Caleb and I have different traveling styles, not so much that we can’t explore together, but that the costs of doing so vary and creates laughing memories for later. Caleb doesn’t handle being accosted at the airport very well as he always just gives in unless I’m there to manage what he’s accidentally signing us up for (in Mexico it was almost a tour because he thought the guy was just showing us a map). Tonight it would be a pricier taxi ride, but hard to argue with their haggling system about how much we were overcharged (or just how well we tipped 5-10 OMR = $13-26) for our 45-50 km trip.
We got to the hotel we booked at around midnight because we didn’t realize it was a three hotel system resort (from family-friendly — what we would pay in San Francisco or Canada — to bourgeoisie out of our budget for even one night) at the Shangri-La Barr Al Jissah leaving us closest to Extra Divers Qantab without going to the pricier resort next door and trying to get a ride or going the cheaper hotel route and hitchhiking with staff or hoping for a taxi early enough to not miss the boat.
This option would also give us alternative activities to do sans rental car if the weather was too rough to dive. I took some time to appreciate the blue-lit rocks, the wooden deco benches, the art garden wall, and the empty calmness of the airport in Muscat. The night manager of the hotel came on duty just as we arrived and though Caleb was willing to take our bags they were delivered on a plush red cart with golden handles to our poolside room and my suitcase set on the luggage rack when we usually use the mattress for this purpose.

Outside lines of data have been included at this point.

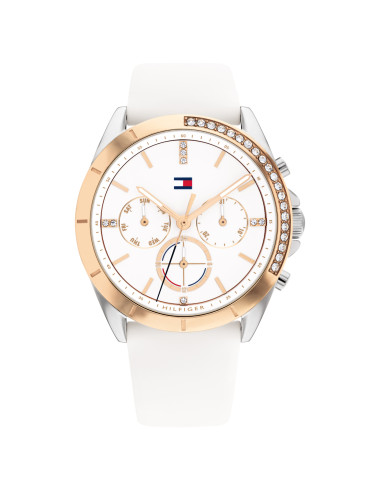 RELÓGIO KENNEDY TOMMY HILFIGER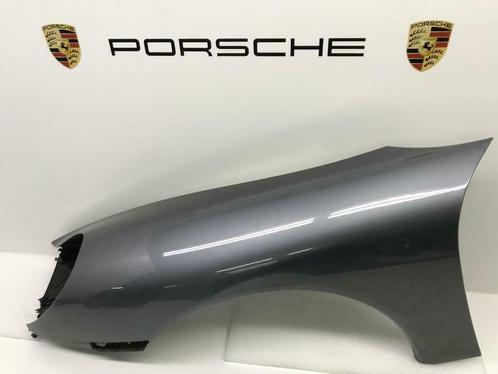 Porsche 996/Boxster Origineel voorspatbord links/rechts, Autos : Pièces & Accessoires, Carrosserie & Tôlerie, Enlèvement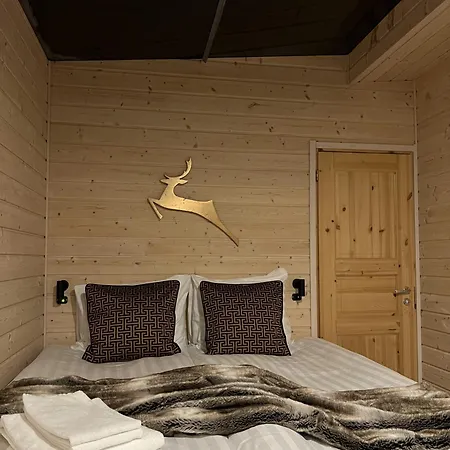 Village de vacances Skyfire Village Igloos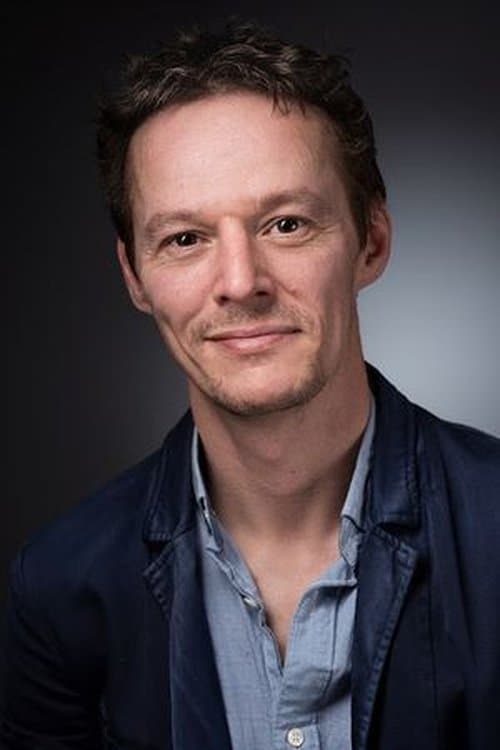 Guillaume Verdier photo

An earlier flight might’ve been more convenient or have come with traffic and other issues. Our taxi driver did the minimum of 120 km/h to deliver us quickly and Caleb was sure to fall asleep just as fast leaving me one minute to peek through our sheer curtains at the pool lights as I closed the blackout curtains, pass the gummy bears in a bear-shaped glass container, and pee next to a shower with a separate tub with night lights under the bathroom sink and bedside tables.